_Task details_
Your job with the data below is to output exactly the lines from the one holding "Ascot Room C, Convenient" down to the one holding "Used 2024 Toyota", both included, and no others.

_Source records_
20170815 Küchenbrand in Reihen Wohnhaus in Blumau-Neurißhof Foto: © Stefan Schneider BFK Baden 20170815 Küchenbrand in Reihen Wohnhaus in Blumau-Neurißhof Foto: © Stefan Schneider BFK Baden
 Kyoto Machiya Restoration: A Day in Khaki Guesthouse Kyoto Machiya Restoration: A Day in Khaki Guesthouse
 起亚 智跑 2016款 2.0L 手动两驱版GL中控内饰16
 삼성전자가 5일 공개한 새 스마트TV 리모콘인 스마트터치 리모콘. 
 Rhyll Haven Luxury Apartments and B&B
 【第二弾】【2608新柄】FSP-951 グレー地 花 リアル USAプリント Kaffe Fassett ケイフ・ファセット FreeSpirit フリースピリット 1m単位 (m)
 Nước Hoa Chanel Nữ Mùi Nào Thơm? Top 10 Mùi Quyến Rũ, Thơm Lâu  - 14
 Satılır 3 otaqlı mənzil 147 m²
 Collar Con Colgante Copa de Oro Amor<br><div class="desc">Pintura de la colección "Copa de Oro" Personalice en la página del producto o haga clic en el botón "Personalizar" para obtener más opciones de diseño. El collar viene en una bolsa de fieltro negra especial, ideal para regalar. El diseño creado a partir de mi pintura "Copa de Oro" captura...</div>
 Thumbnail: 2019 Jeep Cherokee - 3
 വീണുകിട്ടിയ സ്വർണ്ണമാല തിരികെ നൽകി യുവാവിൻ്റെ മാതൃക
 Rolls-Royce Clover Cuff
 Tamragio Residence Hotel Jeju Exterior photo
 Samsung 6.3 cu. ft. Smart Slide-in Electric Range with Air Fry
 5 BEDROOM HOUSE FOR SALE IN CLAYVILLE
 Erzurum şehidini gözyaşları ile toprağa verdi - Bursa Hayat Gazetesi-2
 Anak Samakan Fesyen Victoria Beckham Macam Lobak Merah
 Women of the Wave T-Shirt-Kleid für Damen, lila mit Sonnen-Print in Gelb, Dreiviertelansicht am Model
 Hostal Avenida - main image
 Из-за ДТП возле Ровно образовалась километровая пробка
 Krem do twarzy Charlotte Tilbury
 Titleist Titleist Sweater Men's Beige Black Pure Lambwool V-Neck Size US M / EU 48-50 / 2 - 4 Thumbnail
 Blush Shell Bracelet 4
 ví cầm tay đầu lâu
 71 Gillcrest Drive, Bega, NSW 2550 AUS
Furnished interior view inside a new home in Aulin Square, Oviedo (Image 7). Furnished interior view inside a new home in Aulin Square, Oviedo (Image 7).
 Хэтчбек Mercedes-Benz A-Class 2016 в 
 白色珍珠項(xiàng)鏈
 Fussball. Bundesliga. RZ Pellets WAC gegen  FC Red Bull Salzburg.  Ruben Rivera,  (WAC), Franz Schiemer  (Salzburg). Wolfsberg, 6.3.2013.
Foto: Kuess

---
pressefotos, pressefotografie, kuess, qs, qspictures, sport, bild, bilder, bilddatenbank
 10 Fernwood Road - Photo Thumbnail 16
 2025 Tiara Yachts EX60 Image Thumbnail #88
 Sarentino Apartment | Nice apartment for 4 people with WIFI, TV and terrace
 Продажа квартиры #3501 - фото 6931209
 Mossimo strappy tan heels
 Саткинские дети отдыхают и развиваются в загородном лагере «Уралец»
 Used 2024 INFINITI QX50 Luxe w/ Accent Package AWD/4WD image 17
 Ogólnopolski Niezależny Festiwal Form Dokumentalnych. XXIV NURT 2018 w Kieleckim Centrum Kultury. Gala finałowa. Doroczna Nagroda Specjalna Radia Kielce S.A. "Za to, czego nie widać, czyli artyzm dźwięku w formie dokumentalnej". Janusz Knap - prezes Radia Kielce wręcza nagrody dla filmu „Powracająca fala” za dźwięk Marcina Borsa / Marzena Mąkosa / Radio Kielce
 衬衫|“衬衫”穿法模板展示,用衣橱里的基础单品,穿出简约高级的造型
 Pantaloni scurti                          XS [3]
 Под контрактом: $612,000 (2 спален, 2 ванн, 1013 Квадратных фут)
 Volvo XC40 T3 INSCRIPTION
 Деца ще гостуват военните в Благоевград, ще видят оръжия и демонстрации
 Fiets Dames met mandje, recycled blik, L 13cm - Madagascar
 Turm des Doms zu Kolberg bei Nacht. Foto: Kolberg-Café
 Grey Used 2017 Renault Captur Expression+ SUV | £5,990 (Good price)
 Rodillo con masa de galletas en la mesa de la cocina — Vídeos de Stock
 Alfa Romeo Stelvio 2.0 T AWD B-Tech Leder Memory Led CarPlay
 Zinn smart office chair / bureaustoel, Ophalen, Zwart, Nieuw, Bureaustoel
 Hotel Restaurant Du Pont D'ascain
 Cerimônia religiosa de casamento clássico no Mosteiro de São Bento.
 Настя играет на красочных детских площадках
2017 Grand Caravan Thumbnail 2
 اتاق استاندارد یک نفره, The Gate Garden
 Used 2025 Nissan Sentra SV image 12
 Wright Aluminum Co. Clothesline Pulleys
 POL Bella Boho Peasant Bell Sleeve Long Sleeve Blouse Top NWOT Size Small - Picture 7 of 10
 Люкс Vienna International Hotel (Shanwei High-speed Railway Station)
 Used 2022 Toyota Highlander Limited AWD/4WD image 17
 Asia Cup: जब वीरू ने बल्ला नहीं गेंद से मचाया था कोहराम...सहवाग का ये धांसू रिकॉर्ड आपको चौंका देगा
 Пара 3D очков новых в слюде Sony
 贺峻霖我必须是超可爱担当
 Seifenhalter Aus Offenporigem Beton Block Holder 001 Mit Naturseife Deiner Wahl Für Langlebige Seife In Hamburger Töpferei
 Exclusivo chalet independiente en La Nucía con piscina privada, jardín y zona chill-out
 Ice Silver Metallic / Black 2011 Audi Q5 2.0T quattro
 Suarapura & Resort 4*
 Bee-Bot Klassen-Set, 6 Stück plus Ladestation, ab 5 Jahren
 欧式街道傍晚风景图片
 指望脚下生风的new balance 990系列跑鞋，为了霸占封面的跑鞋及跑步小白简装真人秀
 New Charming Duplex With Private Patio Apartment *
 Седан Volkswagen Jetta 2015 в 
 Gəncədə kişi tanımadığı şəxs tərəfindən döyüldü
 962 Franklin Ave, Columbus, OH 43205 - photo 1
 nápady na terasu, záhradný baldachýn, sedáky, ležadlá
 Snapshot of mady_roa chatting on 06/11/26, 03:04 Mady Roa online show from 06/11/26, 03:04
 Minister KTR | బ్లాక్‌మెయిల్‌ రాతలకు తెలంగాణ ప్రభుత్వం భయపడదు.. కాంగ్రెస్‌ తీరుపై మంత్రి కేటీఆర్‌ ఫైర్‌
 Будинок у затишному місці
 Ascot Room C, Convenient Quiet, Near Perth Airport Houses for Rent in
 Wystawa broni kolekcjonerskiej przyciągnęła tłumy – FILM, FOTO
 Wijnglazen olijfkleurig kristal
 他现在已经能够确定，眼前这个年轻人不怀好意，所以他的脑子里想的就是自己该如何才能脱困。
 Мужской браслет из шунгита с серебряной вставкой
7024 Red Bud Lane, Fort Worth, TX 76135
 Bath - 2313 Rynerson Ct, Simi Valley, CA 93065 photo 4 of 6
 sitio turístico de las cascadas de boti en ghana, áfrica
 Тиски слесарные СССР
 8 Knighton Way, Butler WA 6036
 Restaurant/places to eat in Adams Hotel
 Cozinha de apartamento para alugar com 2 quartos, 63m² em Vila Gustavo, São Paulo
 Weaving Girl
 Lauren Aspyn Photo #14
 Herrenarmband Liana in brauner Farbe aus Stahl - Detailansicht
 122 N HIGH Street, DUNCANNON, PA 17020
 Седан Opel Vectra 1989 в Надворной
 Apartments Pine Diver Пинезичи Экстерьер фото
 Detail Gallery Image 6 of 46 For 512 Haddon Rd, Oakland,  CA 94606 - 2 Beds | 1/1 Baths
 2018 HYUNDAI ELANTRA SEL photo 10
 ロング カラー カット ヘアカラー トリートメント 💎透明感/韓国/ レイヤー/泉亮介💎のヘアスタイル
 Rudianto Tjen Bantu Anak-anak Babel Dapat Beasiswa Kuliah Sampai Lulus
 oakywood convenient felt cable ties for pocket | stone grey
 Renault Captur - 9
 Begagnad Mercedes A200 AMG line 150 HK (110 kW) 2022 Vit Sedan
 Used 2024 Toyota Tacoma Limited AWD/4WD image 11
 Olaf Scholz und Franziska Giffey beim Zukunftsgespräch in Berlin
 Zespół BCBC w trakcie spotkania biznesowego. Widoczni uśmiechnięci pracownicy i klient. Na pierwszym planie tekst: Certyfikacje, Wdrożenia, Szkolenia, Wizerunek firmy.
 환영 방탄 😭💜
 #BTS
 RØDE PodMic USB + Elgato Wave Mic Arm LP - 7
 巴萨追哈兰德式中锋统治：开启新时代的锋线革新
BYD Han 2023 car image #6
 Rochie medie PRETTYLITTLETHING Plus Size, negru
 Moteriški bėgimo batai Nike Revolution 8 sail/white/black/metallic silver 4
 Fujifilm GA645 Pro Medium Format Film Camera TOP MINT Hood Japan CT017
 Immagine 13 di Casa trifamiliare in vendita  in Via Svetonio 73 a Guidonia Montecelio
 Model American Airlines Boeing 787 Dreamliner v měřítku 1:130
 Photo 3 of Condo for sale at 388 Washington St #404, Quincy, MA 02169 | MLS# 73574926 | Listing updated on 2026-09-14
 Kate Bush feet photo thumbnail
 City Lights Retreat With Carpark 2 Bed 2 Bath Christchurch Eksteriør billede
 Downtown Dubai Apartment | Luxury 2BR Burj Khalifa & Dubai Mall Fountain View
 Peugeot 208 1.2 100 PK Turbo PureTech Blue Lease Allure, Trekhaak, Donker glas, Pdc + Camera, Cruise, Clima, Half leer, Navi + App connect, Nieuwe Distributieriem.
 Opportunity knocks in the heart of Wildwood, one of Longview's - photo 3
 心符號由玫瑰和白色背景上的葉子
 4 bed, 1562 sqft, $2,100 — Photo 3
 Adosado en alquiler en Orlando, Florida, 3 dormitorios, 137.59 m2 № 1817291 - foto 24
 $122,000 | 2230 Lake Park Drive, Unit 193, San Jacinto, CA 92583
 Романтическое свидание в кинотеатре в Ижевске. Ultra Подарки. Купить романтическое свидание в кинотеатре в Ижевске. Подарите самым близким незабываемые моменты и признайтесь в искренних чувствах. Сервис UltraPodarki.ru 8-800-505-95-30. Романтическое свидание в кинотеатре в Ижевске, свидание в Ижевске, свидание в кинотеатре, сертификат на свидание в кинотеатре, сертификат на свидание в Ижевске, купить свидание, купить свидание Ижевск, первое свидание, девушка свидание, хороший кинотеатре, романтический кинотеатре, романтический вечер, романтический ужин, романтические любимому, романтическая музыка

_Worked solution_
 Ascot Room C, Convenient Quiet, Near Perth Airport Houses for Rent in
 Wystawa broni kolekcjonerskiej przyciągnęła tłumy – FILM, FOTO
 Wijnglazen olijfkleurig kristal
 他现在已经能够确定，眼前这个年轻人不怀好意，所以他的脑子里想的就是自己该如何才能脱困。
 Мужской браслет из шунгита с серебряной вставкой
7024 Red Bud Lane, Fort Worth, TX 76135
 Bath - 2313 Rynerson Ct, Simi Valley, CA 93065 photo 4 of 6
 sitio turístico de las cascadas de boti en ghana, áfrica
 Тиски слесарные СССР
 8 Knighton Way, Butler WA 6036
 Restaurant/places to eat in Adams Hotel
 Cozinha de apartamento para alugar com 2 quartos, 63m² em Vila Gustavo, São Paulo
 Weaving Girl
 Lauren Aspyn Photo #14
 Herrenarmband Liana in brauner Farbe aus Stahl - Detailansicht
 122 N HIGH Street, DUNCANNON, PA 17020
 Седан Opel Vectra 1989 в Надворной
 Apartments Pine Diver Пинезичи Экстерьер фото
 Detail Gallery Image 6 of 46 For 512 Haddon Rd, Oakland,  CA 94606 - 2 Beds | 1/1 Baths
 2018 HYUNDAI ELANTRA SEL photo 10
 ロング カラー カット ヘアカラー トリートメント 💎透明感/韓国/ レイヤー/泉亮介💎のヘアスタイル
 Rudianto Tjen Bantu Anak-anak Babel Dapat Beasiswa Kuliah Sampai Lulus
 oakywood convenient felt cable ties for pocket | stone grey
 Renault Captur - 9
 Begagnad Mercedes A200 AMG line 150 HK (110 kW) 2022 Vit Sedan
 Used 2024 Toyota Tacoma Limited AWD/4WD image 11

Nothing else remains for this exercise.